Derek Parnell wrote:
On Thu, 19 Feb 2009 07:01:56 -0800, Andrei Alexandrescu wrote:
These all put the regex before the string, something many people would
find unsavory.
I don't. To me the regex is what you are looking for so it's like saying
"find this pattern in that string".
Yah, but to most others it's "match this string against that pattern".
Again, regexes have a long history behind them. So probably we need to
have both "find" and "match" with different order of arguments, something .
Anyway, std.algorithm defines find() like this:
find(haystack, needle)
In the least structured case, the haystack is a range and needle is
either an element or another range. But then we can think, hey, we can
think of efficient finds by using a more structured haystack and/or a
more structured needle. So then:
string a = "conoco", b = "co";
// linear find
auto r1 = find(a, b[0]);
// quadratic find
auto r2 = find(a, b);
// organize a in a Boyer-Moore structure; sublinear find
auto r3 = find(boyerMoore(a), b);
I'll actually implement the above, it's pretty nice. Now the question
is, what's the haystack and what's the needle in a regex find?

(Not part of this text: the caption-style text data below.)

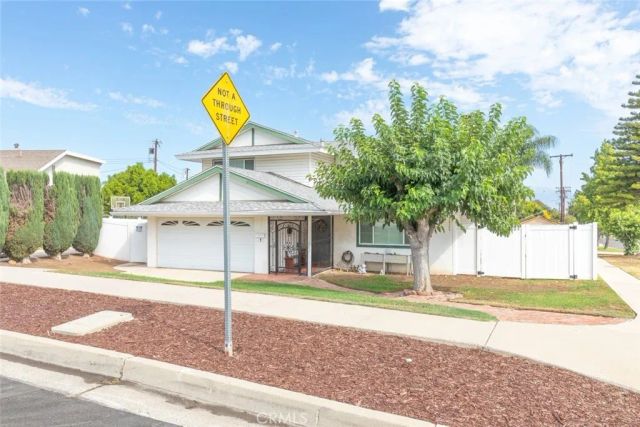 2102 Beatrice Drive, Corona, CA 92879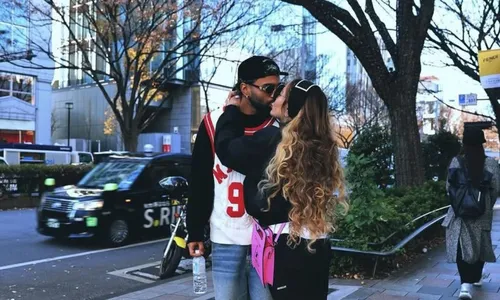 
				
					Irmã de Neymar publica fotos beijando Gabigol e confirma reconciliação
				
				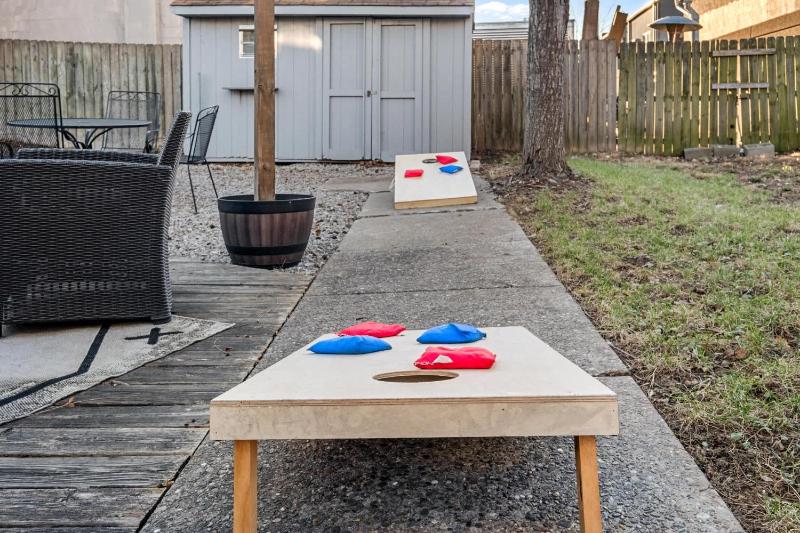 Derby & Bourbon Trail Homebase W Private Backyard - image 3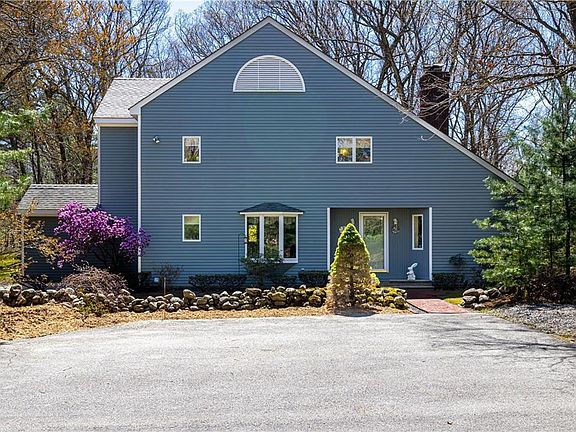 3rd image of 282 Byron Randall Rd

auto r3 = find("conoco", regex("c[a-z]"));
or
auto r3 = find(regex("c[a-z]"), "conoco");
?
The argument could go both ways:
"Organize the set of 2-char strings starting with 'c' and ending with
'a' to 'z' into a structured haystack, then look for substrings of
"conoco" in that haystack."
versus
"Given the unstructured haystack conoco, look for a structured needle in
it that is any 2-char string starting with 'c' and ending with 'a' to 'z'."
What is the most natural way?
Andrei